Items listed in a dataset:
************

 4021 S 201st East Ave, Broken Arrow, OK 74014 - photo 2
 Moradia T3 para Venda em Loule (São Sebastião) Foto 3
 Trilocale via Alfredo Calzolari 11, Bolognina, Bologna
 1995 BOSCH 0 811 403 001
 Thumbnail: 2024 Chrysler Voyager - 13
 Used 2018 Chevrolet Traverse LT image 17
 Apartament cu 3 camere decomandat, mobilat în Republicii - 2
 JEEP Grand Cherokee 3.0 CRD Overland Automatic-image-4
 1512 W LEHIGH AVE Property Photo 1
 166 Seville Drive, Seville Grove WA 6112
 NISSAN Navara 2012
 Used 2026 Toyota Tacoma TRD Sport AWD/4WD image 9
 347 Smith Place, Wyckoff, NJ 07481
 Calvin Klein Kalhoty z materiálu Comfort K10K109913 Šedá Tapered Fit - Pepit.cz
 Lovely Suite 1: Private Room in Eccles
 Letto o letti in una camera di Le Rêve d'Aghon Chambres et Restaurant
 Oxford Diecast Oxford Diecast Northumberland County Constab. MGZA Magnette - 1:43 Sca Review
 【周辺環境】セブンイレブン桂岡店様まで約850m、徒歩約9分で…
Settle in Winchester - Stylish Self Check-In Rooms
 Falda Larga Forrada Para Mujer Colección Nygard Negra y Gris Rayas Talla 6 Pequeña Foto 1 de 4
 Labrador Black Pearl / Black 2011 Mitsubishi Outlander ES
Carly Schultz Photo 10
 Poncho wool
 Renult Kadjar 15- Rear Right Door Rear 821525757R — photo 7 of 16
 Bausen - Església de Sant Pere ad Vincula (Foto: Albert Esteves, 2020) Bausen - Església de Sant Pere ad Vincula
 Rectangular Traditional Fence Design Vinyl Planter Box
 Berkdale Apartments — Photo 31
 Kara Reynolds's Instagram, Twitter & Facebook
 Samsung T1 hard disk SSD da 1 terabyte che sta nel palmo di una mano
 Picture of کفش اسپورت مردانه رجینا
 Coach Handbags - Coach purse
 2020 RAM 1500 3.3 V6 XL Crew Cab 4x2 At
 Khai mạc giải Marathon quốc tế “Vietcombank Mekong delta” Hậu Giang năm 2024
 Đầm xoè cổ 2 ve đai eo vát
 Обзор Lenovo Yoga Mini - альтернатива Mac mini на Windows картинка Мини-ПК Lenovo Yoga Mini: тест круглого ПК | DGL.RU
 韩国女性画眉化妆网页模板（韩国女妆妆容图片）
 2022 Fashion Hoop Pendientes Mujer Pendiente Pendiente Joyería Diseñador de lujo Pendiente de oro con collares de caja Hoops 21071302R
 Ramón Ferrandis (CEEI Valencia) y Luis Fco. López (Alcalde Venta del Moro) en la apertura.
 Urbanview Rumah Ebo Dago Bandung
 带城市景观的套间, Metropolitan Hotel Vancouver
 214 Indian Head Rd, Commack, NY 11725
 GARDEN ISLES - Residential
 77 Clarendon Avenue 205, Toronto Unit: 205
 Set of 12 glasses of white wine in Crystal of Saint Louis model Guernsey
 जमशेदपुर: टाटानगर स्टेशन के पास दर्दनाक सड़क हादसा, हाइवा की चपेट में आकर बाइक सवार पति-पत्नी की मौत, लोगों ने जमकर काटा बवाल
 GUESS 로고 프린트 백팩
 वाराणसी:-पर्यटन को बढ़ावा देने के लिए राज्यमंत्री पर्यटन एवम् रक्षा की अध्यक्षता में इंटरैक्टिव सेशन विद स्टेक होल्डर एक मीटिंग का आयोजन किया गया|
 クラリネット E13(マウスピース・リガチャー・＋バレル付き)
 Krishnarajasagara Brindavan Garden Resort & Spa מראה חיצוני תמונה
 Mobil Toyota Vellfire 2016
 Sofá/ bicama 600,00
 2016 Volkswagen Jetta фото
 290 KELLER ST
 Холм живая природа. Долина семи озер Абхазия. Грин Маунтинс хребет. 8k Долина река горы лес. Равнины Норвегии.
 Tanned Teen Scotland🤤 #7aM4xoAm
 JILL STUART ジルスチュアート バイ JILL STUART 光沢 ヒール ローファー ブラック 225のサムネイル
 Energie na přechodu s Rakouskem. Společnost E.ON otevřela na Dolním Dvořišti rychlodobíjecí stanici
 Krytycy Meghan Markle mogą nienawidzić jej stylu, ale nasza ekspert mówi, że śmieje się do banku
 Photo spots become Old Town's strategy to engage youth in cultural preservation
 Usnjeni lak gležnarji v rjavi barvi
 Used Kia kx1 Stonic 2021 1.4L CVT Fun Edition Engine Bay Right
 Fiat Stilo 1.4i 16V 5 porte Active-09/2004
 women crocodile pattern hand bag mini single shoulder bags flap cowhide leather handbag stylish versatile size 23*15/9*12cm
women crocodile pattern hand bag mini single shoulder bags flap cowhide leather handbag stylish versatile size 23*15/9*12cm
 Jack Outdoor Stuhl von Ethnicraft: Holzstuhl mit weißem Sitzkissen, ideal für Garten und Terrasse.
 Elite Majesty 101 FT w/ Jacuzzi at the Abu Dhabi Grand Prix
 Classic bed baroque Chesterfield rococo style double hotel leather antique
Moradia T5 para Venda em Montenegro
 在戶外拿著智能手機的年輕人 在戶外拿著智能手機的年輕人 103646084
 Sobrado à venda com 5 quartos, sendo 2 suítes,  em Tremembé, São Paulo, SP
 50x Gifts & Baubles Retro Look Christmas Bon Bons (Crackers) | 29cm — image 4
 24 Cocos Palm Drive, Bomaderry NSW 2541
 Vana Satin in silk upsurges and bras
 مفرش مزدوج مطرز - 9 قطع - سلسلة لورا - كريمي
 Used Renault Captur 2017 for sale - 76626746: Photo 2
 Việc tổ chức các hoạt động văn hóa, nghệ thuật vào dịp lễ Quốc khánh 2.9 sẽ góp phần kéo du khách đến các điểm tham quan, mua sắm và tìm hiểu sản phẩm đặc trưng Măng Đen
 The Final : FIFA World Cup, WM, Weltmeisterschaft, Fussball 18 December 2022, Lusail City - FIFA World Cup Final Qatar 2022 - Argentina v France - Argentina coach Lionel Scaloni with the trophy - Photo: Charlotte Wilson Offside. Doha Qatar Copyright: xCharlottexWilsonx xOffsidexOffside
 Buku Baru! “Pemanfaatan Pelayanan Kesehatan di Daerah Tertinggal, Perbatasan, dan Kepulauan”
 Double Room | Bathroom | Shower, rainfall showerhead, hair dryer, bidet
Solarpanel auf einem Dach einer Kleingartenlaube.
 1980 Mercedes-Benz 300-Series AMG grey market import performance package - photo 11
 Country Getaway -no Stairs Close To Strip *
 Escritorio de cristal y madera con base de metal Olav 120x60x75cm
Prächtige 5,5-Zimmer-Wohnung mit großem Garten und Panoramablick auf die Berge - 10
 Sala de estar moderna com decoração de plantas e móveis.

************

### YOUR INSTRUCTIONS
Search the data for "size". Copy every matching line.

### SOLUTION TO THIS EXERCISE
 women crocodile pattern hand bag mini single shoulder bags flap cowhide leather handbag stylish versatile size 23*15/9*12cm
women crocodile pattern hand bag mini single shoulder bags flap cowhide leather handbag stylish versatile size 23*15/9*12cm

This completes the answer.